REVISTA VICEJAR – LITERATURA ( Crônica )
.Text written in Portuguese - Select a language in TRANSLATE >.
_____Minha rua, como toda rua, tem postes. Em um deles, há um ninho de bem-te-vi. Justo no que tem o transformador de energia, com um indecifrável emaranhado de fios e cabos.
_____É ninho antigo. Todo ano, eles vêm botar seus ovinhos. Não são os mesmos. Talvez seja “imóvel” que passe de bem-te-vi pai para bem-te-vi filho, garantindo o teto (teto?) a várias gerações. Ou pode ser de locação, conforme anúncio classificado no Jornal dos Passarinhos, “Aluga-se ninho para temporada, completo e equipado, no melhor pedaço do Jardim Santa Cândida. Tratar com Sr. Bem-te-vi”.
_____E só vem bem-te-vi, mesmo. Nada de rolinha, maritaca ou sabiá-laranjeira como inquilinos, que esses têm outros lares. É ninho de uso exclusivo deles, como se houvesse um contrato invisível assinado pelas demais espécies. Nunca soube de outro passarinho ousando quebrar essa cláusula.
_____É local absolutamente inóspito aos meus critérios humanos e limitados. Mas passarinho é quem sabe das coisas. O pequeno vão entre poste e transformador formou um nicho seguro, à prova de gatos e outros predadores.

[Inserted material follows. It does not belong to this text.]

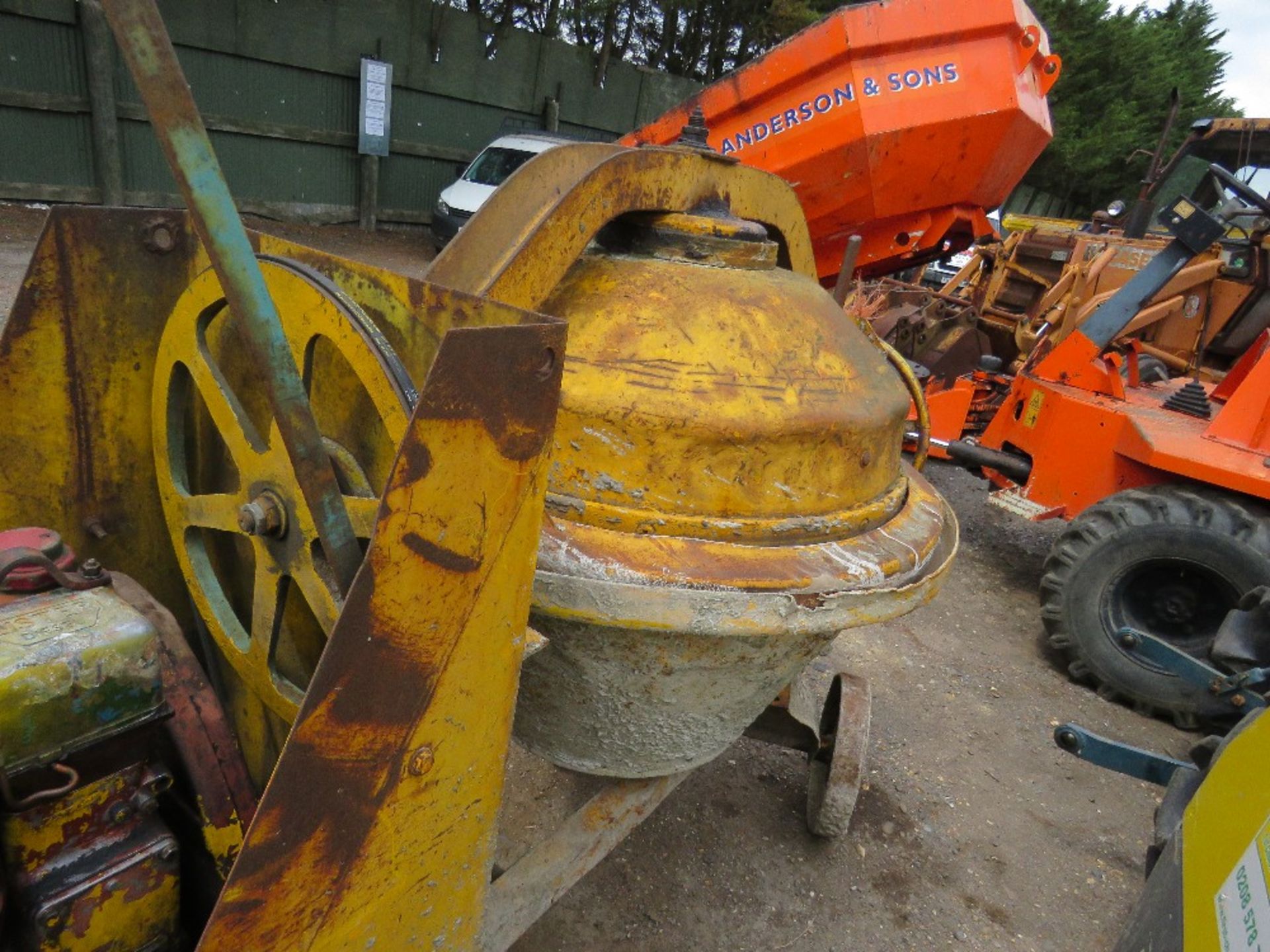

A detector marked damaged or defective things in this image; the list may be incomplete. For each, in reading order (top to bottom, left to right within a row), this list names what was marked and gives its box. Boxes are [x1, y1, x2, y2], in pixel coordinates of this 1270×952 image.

rusty metal [99, 0, 362, 595]
rusty metal [484, 772, 683, 947]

E quentinho, condição básica para berçários. Um casalzinho deve ter aparecido por ali, achado a vizinhança interessante, com fartura de alimento e fácil acesso às matas da região. Resolveram se instalar. Foram juntando palhinhas, galhinhos, folhas, fios de cabelos que voam pelos ares (não que cabelos sejam pássaros), restos que ninguém quer mais. Desde então, o ninho virou tradição benteviana. Sabedoria passarinhesca não se questiona.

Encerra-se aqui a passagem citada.